Apropos Greta Thunberg

Ausschnitt aus dem 1830 von Eugène Delacroix gemalten Bild „Die Freiheit führt das Volk“ (die sog. „Jeanne d´Arc“)

„Wie könnt ihr es wagen, meine Träume und meine Kindheit zu stehlen mit euren leeren Worten?“ Diese, mit Tränen in den Augen gestellte Frage eines 16-jährigen Mädchens an die versammelten Politiker bei den Vereinten Nationen hat die Welt aufgerüttelt. Viele, die vor ihren häuslichen Bildschirmen Zeuge dieser Szene wurden, haben aber spontan sehr aggressiv reagiert und einen „shitstorm“ gegen Greta Thunberg in den sozialen Medien losgelassen. Dagegen waren viele andere, und dazu zähle ich mich selbst auch, tief berührt und konnten der jungen Frau irgendwie beipflichten. Alleine die Tatsache, dass sie vor diesem Gremium gesprochen hat, d.h. dass man sie eingeladen hatte dies zu tun, verdient schon großen Respekt; übrigens nicht nur vor Greta Thunberg sondern auch vor den Vereinten Nationen und ihrem Generalsekretär! Jetzt ist Greta endgültig zu einer Ikone der „Klima“-Bewegung geworden, ja vielleicht ist sie sogar die Jeanne d´Arc des 21. Jahrhunderts? Doch die Frage bleibt im Raum: warum gibt es diesen immensen Hass auf dieses Mädchen, welches nur in emotionale Worte („Wutrede“) gefasst hat, was fast alle heute denken und von ihren Politikern fordern? Ich kann mir vorstellen, dass es die bodenlose Angst vor einer Wahrheit ist, die man nicht hören will, weil man mit ihr nicht mehr so leben könnte wie bisher und etwas sehr Liebgewonnenes aufgeben müsste. Die schwedische Schülerin hat den kapitalistischen Gesellschaften dieser Welt einen Spiegel vorgehalten in dem sie auf das vom Klimawandel verursachte Leid und den drohenden Zusammenbruch ganzer Öko-Systeme hingewiesen hat. Dem gegenüber scheinen, laut Greta Thunberg, die Politiker nur über Geld und ewiges wirtschaftliches Wachstum zu reden, ohne sich auch nur das Geringste, um die damit in direktem Zusammenhang stehenden Klimaveränderungen zu scheren.

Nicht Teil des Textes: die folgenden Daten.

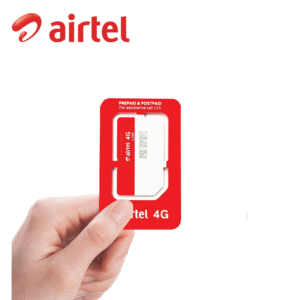 Sim 多多跨境 印度 Airtel 电话卡 注册短信卡 支持 WhatsApp/TikTok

Trotz aller tiefen Sympathie für Greta und ihre mittlerweile weltweit aktive Bewegung „Fridays for Future“, bleibt  ihr Appell  in meinen Ohren irgendwie merkwürdig gehaltlos. Sie und ihre jungen Genossinnen und Genossen berufen sich auf die Wissenschaft, die die Klimaveränderungen erforscht und dokumentiert hat. Auf der Grundlage von Messdaten werden von Forschern  Klimaprognosen erstellt, die häufig von Laien wie Aktivisten oder Politiker, dann in deren Weltbild als unumstößliche „wissenschaftliche Erkenntnis“ eingeordnet werden. Dabei hat gerade diese Gruppe von Menschen überhaupt nicht das tatsächliche Wissen für eine wirkliche Einsicht sondern sie versuchen lediglich die Thesen der Zukunftsforscher  für sich selbst verständnisgerecht zu interpretieren. Das mündet logischerweise nicht in wirklicher Reflexion sondern in einem puren Glaubensbekenntnis. Während in der Wissenschaft die ständige intellektuelle Möglichkeit der Widerlegung einer These die  Wissenschaftlichkeit geradezu ausmacht, wird sie im Glauben, vehement abgelehnt bzw.. bekämpft. Genau das passiert gerade im öffentlichen Diskurs über den Klimawandel. Wer sich nicht mit fliegenden Fahnen den Klima-Aktivisten anschließt ist ein „Klimaleugner“ und wird in der Ecke von Lobbyisten für Kohlekraftwerke oder  die Automobilindustrie bzw. in die geistige Nähe des gegenwärtigen amerikanischen Präsidenten gestellt. Das ist in hohem Maße unredlich und vergiftet das gesellschaftliche Zusammenleben. Mir gefällt das nicht.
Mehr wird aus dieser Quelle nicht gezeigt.